An NFDI consortium of plant research

In modern fundamental plant research, scientists produce high-dimensional polymorphic data. To facilitate the collection, processing, exchange, and archiving of these data, the DataPLANT consortium within the NFDI drives digital transformation and democratization of research data in the field of basic plant research.

DataPLANT is well prepared for the upcoming challenges by combining expertise in the areas of basic plant research, information and computer sciences, and infrastructure. The targeted service landscape consists of technical-digital assistance as well as personnel on-site support, since the consortium was entirely designed to be user centric.

DataPLANT’s vision

DataPLANT has made it to its mission to develop a Research Data Management (RDM) system that meets community requirements and allows for the processing and contextualization of research datasets according to the FAIR principles (Findable, Accessible, Interoperable, Reusable). Therefore, we envision the Annotated Research Context (ARC) that covers the entire research cycle, from experiments to computational analyses, actual data and metadata, as well as the resulting publications. This will ensure usability in practice and will lead to the formation of a central information resource.

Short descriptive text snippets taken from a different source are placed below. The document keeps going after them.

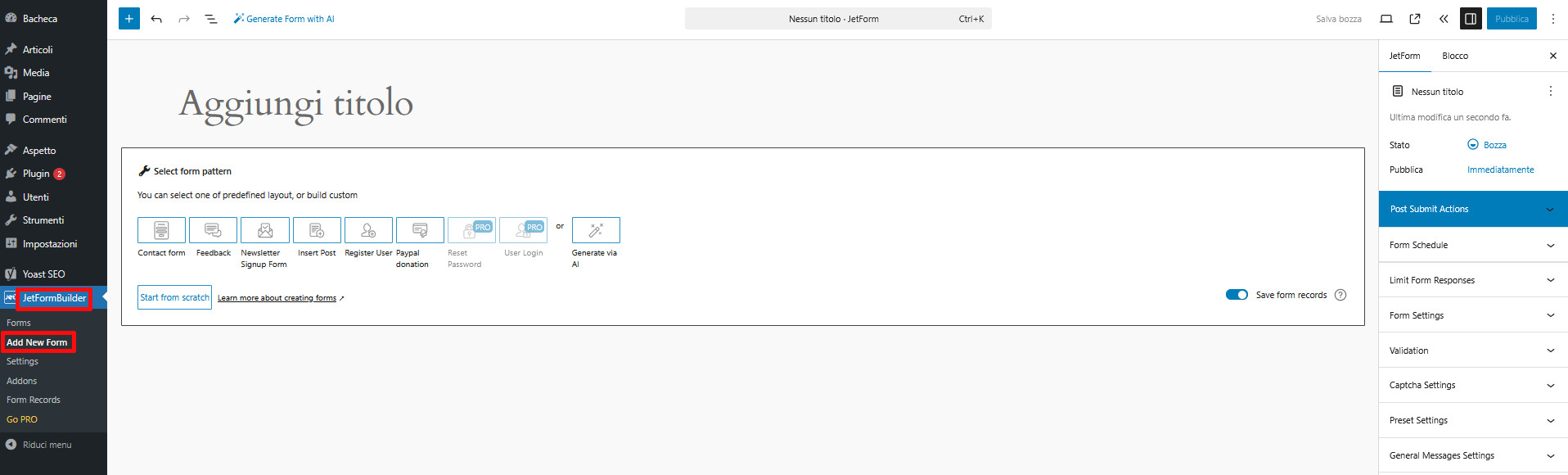 Form WordPress: Guida alla loro creazione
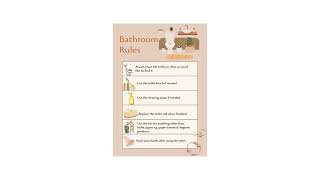 Дизайн без нBathroom Rules.Rules signs. Bathroom decor.Home decor.Printable sheets.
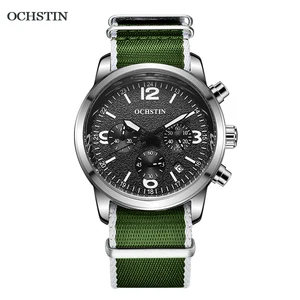 ochstin 2019 new sports quartz watches for men top brand luxury gifts male waterproof army hot sale chronograph wrist black stai free global shipping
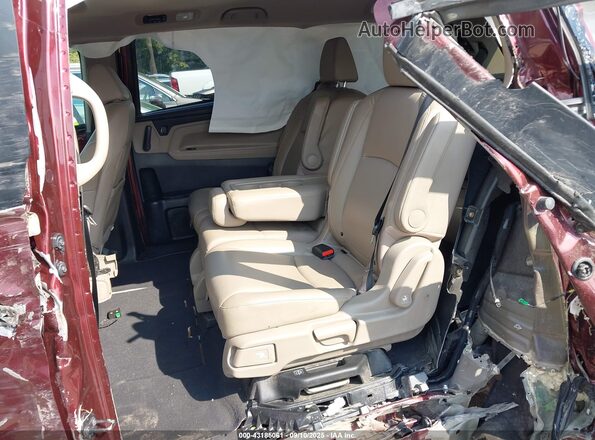 5FNRL6H70LB025697 2020 HONDA ODYSSEY Burgundy VIN sticker view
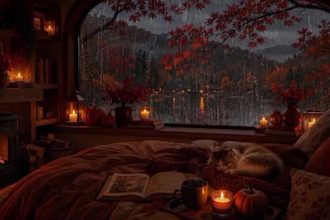create cozy rain ambience videos with natural sounds for youtube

To achieve this goal, work of the DataPLANT consortium is organized into four Task Areas…

Task Area I - Driving Standardization

In Task Area I, topics such as data quality, interoperability and standardization are promoted. Besides the definition of metadata standards, the application of widely used ontologies, such as the Gene-, KEGG-, and Plant Ontology, and will be supported in a first step. These existing ontologies will then be iteratively adapted to the needs of researchers and their specific experiments in order to comprehensively describe workflows.

The often-long path from the identification of a missing term to the final adoption into the descriptive reference ontology will be significantly shortened with minimal friction. A first approach to achieve this is pursued by DataPLANT’s developed tool SWATE.

Task Area II – Infrastructural Community Support

DataPLANT and the plant research community can draw on extensive infrastructural capacities for compute and storage, such as the de.NBI Cloud in Tübingen and Freiburg and the bwCloud, amongst others. Task Area II will provide the infrastructural basis for the developed tools. For this, the DataPLANT Hub, based on HUBZero, will serve as the central access point. Wherever possible, a single sign-on concept will be used for user-friendliness. Furthermore, a service to facilitate data and metadata versioning, collaboration among researchers, and data sharing within ongoing projects will be set up. To support researchers in publishing their work, a service based on InvenioRDM is established. Unique identification will be accomplished using Digital Object Identifier (DOI) and ORCID.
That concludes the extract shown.